Get the DOM of any webpage by using headless Chrome.

💡 This is a Laravel wrapper of helloiamlukas/chrome-php.

Requirements

This package requires the Puppeteer Chrome Headless Node library.

If you want to install it on Ubuntu 16.04 you can do it like this:

sudo apt-get update
curl -sL https://deb.nodesource.com/setup_8.x | sudo -E bash -
sudo apt-get install -y nodejs gconf-service libasound2 libatk1.0-0 libc6 libcairo2 libcups2 libdbus-1-3 libexpat1 libfontconfig1 libgcc1 libgconf-2-4 libgdk-pixbuf2.0-0 libglib2.0-0 libgtk-3-0 libnspr4 libpango-1.0-0 libpangocairo-1.0-0 libstdc++6 libx11-6 libx11-xcb1 libxcb1 libxcomposite1 libxcursor1 libxdamage1 libxext6 libxfixes3 libxi6 libxrandr2 libxrender1 libxss1 libxtst6 ca-certificates fonts-liberation libappindicator1 libnss3 lsb-release xdg-utils wget
sudo npm install --global --unsafe-perm puppeteer
sudo chmod -R o+rx /usr/lib/node_modules/puppeteer/.local-chromium

Installation

You can install this package via composer by running:

composer require helloiamlukas/laravel-chrome

After that, the package will automatically register itself.

To publish the configuration file, you need to run:

php artisan vendor:publish --provider="ChromeHeadless\ChromeHeadlessServiceProvider"

This will create a config file at config/chrome.php.

Configuration

The configuration can be found at config/chrome.php.

Custom Chrome Path

You can specify a custom path to your Chrome installation.

/*
|--------------------------------------------------------------------------
| Chrome Path
|--------------------------------------------------------------------------
|
| Manually set the path where Google Chrome is installed.
|
*/
'exec_path' => '/path/to/chrome',

Custom User Agent

You can specify a custom user agent.
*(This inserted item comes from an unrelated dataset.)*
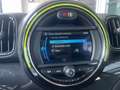 MINI Cooper Countryman Mini 1.5 Chili | CRUISE CONTROL | CLIMATE CONTROL Zwart - thumbnail 19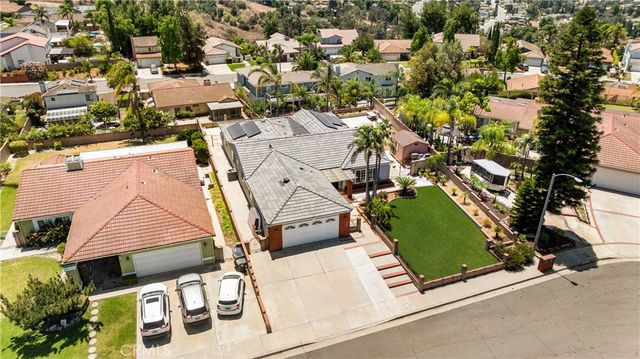 24412 Rosegate, Diamond Bar, CA 91765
By default the standard Chrome Headless user agent will be used.

/*
|--------------------------------------------------------------------------
| User Agent
|--------------------------------------------------------------------------
|
| Change the user agent that will be used by Google Chrome.
|
*/
'user_agent' => 'nice-user-agent',

Timeout

You can specify a timeout after which the process will be killed. The timeout should be given in seconds.

/*
|--------------------------------------------------------------------------
| Timeout
|--------------------------------------------------------------------------
|
| Specify a timeout in seconds.
| (null = no timeout)
|
*/
'timeout' => 10,

If the process runs out of time a Symfony\Component\Process\Exception\ProcessTimedOutException will be thrown.

Viewport

You can specify a custom viewport that will be used when you make a request. By default the Chrome Headless standard of 800x600px will be used.

/*
|--------------------------------------------------------------------------
| Viewport
|--------------------------------------------------------------------------
|
| Specify a viewport.
|
*/
'viewport' => [
                    'width' => 1920,
                    'height' => 1080
                ],

Blacklist

You can specify a list of regular expressions for files that should not be loaded when you request a website. These expressions will be checked against the url of the file.

/*
|--------------------------------------------------------------------------
| Blacklist
|--------------------------------------------------------------------------
|
| Specify a list of files that should not be loaded.
|
*/
'blacklist' => [
                    'www.google-analytics.com',
                    'analytics.js'
                ],

Custom Headers

You can specify custom headers which will be used for the request.

/*
|--------------------------------------------------------------------------
| Additional Request Headers
|--------------------------------------------------------------------------
|
| Specify additional headers.
|
*/
'headers' => [
                'DNT' => 1 // DO NOT TRACK
             ],

Usage

Here is a quick example how to use this package:

use ChromeHeadless\ChromeHeadless;

$html = ChromeHeadless::url('https://example.com')->getHtml();

Instead of getting the DOM as a string, you can also use thegetDOMCrawler() method, which will return a Symfony\Component\DomCrawler\Crawler instance.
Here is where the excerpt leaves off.